Creativity - Tessa Mendel, founder of the Women's Theatre and Creativity Centre in Halifax, Nova Scotia - Interview

Mark Campbell

"For the open house, 80 women turned out and I was expecting something like thirty. I would say that there are several hundred women right now who are connected loosely with the centre. All of our workshops have been more than full. There's been a high level of involvement, interest and excitement."

Although Mendel had sensed a need for the centre, the high level of interest and participation in the nascent centre has overwhelmed her. "Sometimes, working in the theatre, you get the feeling that you've really got to work hard to get somebody out there. You've got almost an antagonistic attitude towards the audience because it feels so hard to survive. The warmth of the response and the support that's been offered has been amazing and given me a feeling that this is one of those things coming at the right time for this city. The number of women who have said that this is what they need is incredible."

A native Haligonian who has directed and taught plays at theatres and universities in Nova Scotia, Newfoundland and Ontario, Mendel calls the centre a safe place for individualized sessions and workshops where women can discover and nurture their creativity. "The basic building block is this belief that everybody has the power to discover their creativity, that it can be an important force in our lives."

There were other reasons, beyond perceived interest that traditional theatre tended to bypass women's experience. "It's not just their stories being bypassed" she adds, "but perhaps their ways of creating art haven't been focused on so much. In a way, the idea of this was to create a context where those kinds of processes, which perhaps we don't even know what they are yet, might be given room to be explored and expressed."

Since most of the work originates from personal experience, Mendel felt more comfortable working with women and thus recognized the need for women to have safe space like this. "We deal with things we would have a hard time dealing with in a mixed environment. That's why I use the term safe space. But, it's women-centered, not women-exclusive. "We will do projects and are doing projects that involve men in various roles, but the focus is on women."

Homesickness and a desire to work within her own community led Mendel back to Halifax to start the centre. "In the theatre you spend a lot of time working with communities that aren't your own. Starting something like this, it felt to me that the base of being with people that you know, where you're from and what has meaning to you, so there's already those built in connections, was important." More than that, Mendel felt the city was just the right size for this initiative. "It's still a small enough city that there's support for that kind of project and people do get excited about new projects, but its also large enough that this doesn't seem weird or people are ready to accept ideas of things that haven't been done before."

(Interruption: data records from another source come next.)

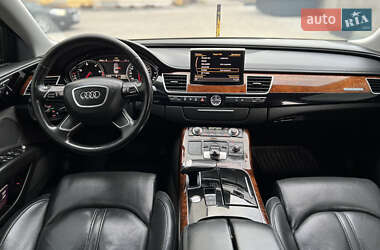 Седан Audi A8 2011 в 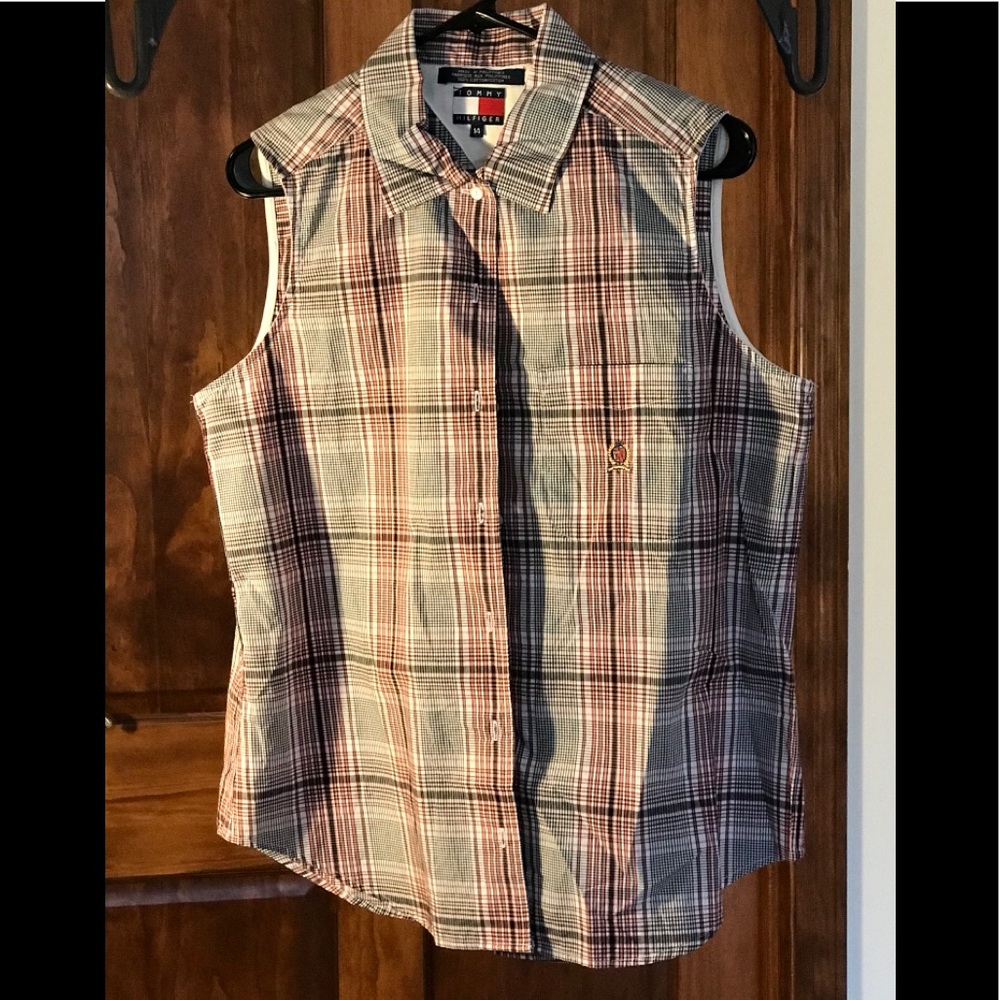 Tommy Hilfiger sleeveless button-up shirt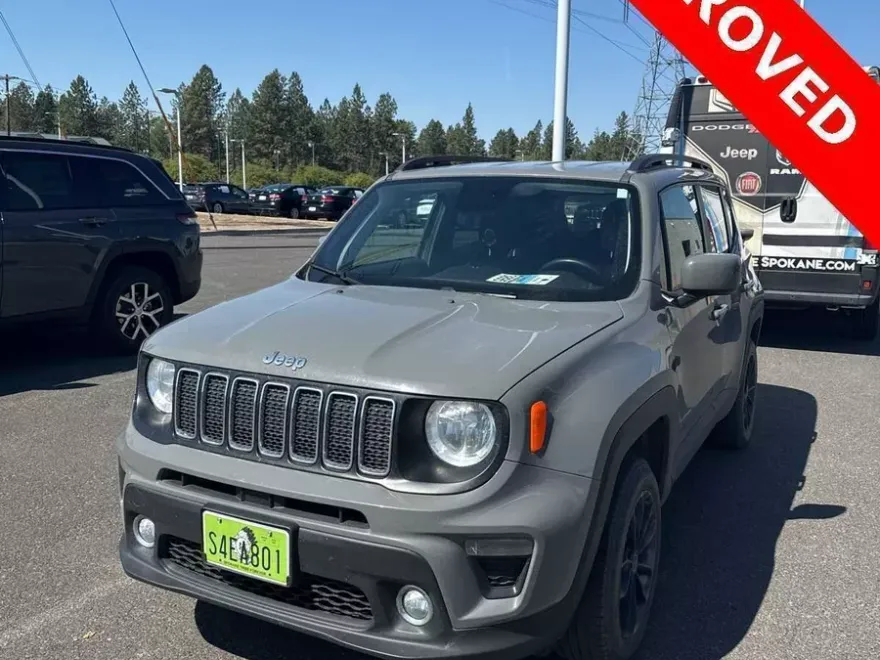 2020 Jeep Renegade Latitude photo 1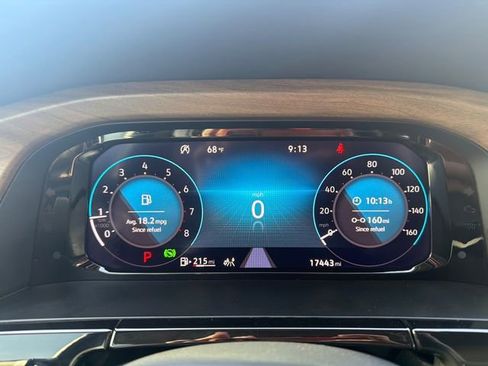 Used 2025 Volkswagen Atlas SE image 5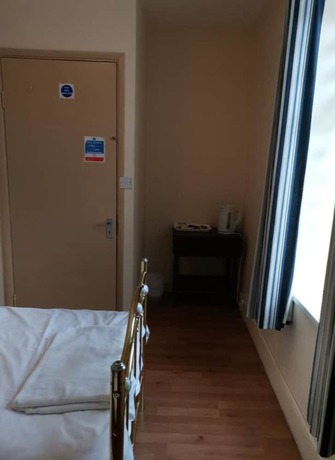 Imagen de la habitación del Hotel OYO Swan Inn, Heathrow Airport. Foto 11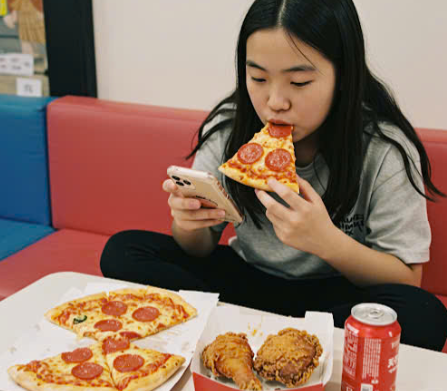 Mặt trái của việc sử dụng mạng xã hội và thói quen ăn uống ở người trẻ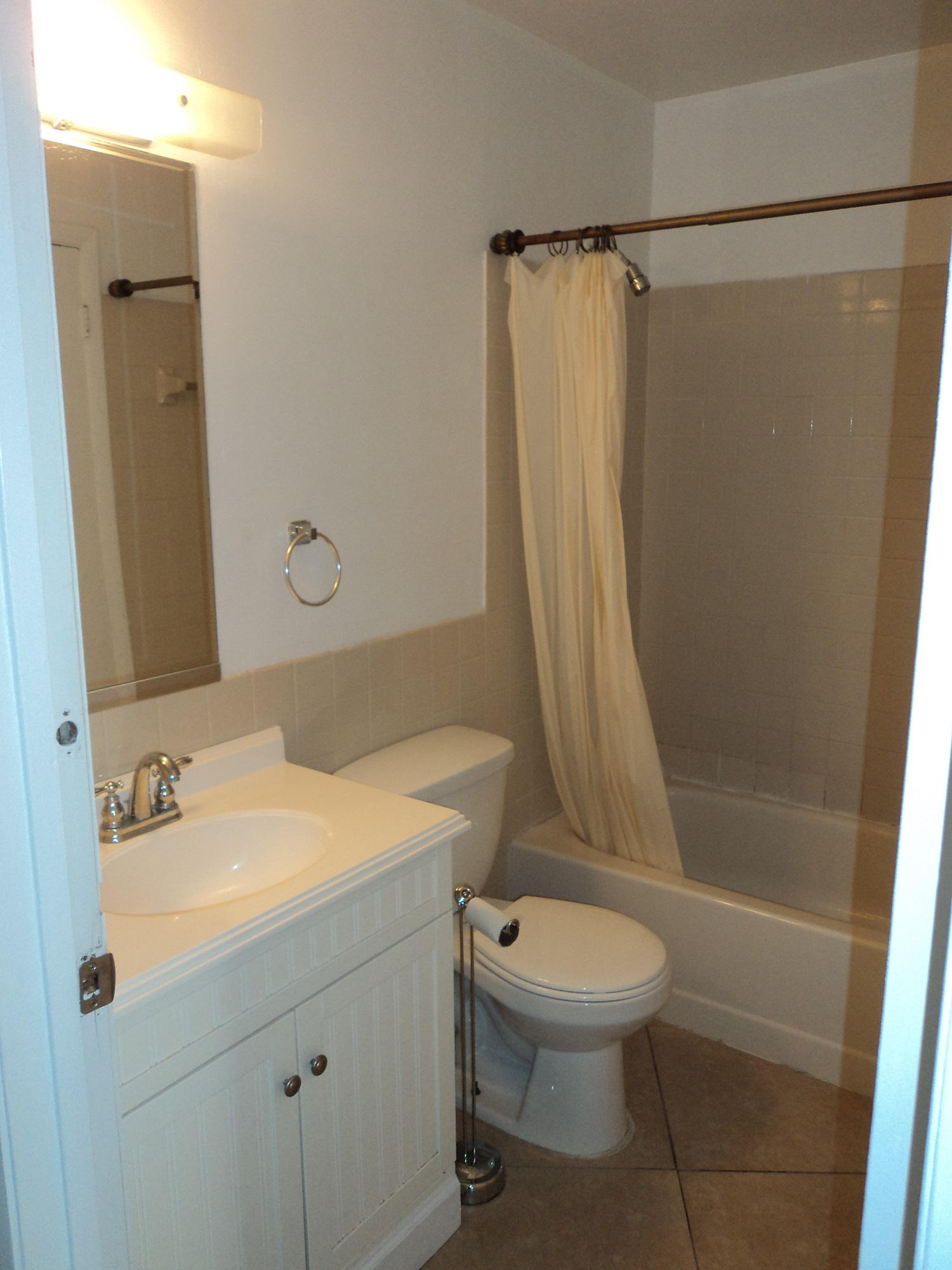 1306 Northwest 2nd Circle Boca Raton, FL 33432 - Photo 19 of 38 2nd Bath Rm 1
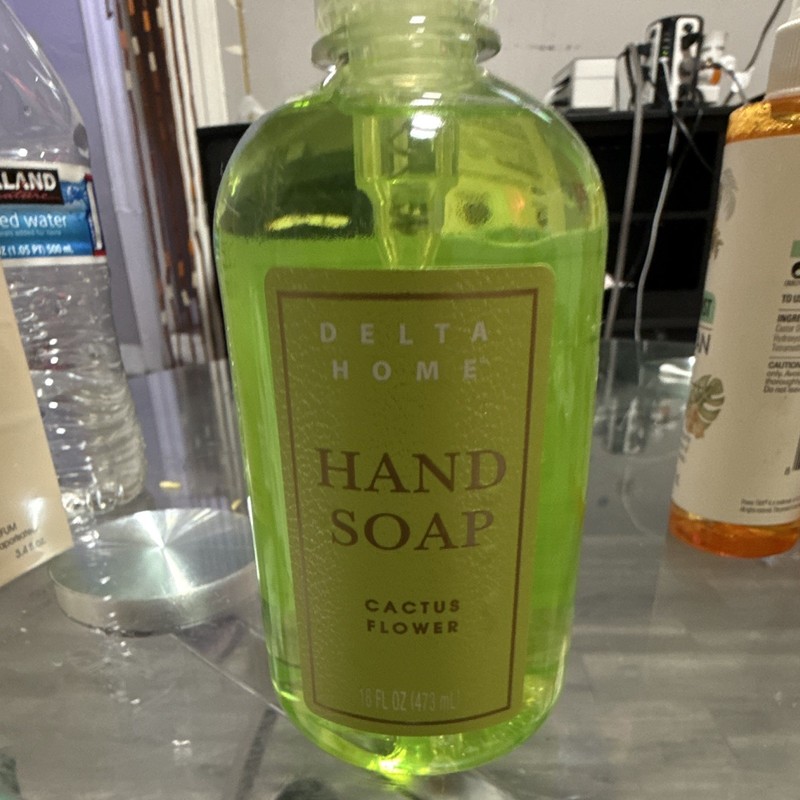Delta Home Liquid Hand Wash Soap, Cactus Flower Scent, Green Bottle 16 fl oz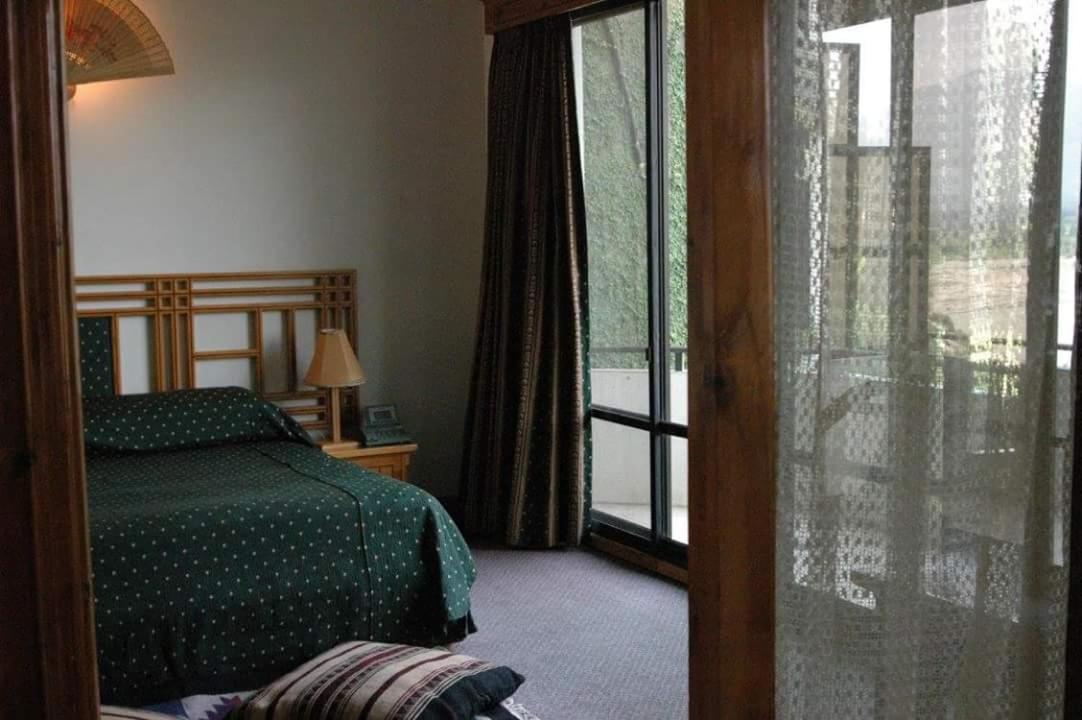 Deluxe Double Room with Balcony photo 2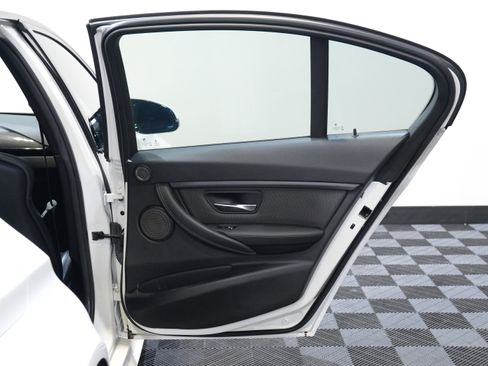 Used 2017 BMW M3 image 28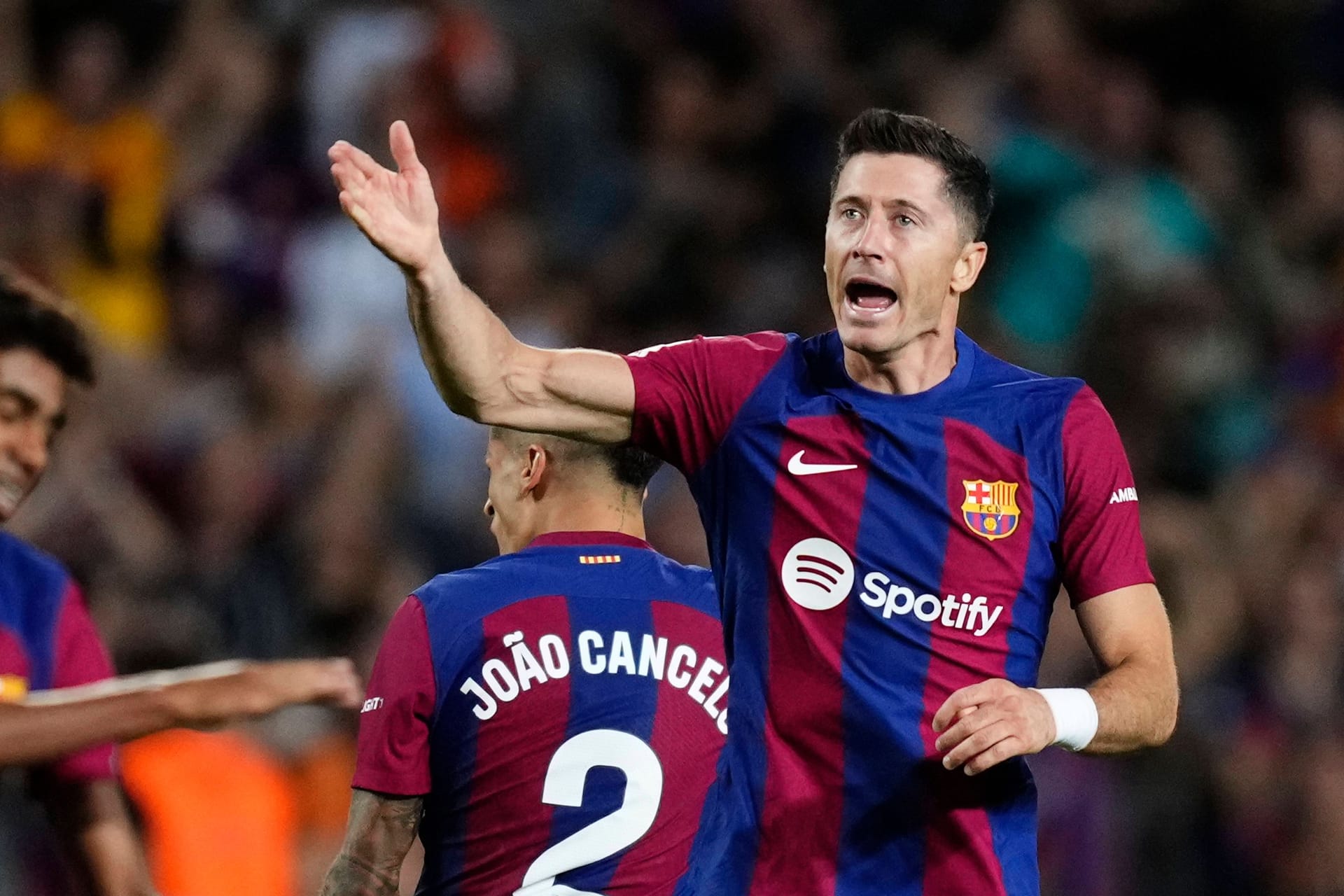 Robert Lewandowski spielte jahrelang für den FC Bayern. Jetzt trifft er regelmäßig für Barcelona.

Mendel says there were no direct examples or inspiration that served as a template for the centre. It was her accumulated experience in the theatre, which included the development of a theatre company in Toronto's public housing communities which created plays by, for and about youth, that inspired her. "This is, for me, an experiment in combining things that haven't been combined before. There are theatres where social issues/popular theatre is being done, theatres focused on women only - producing work by and for women, and people who do workshops for personal development of women. This [centre] tries to combine all those things. Not incidentally combine them, but believing they are intrinsically related. I believe that you can't separate the personal from the social from the creative. We have to be able to do all those things together."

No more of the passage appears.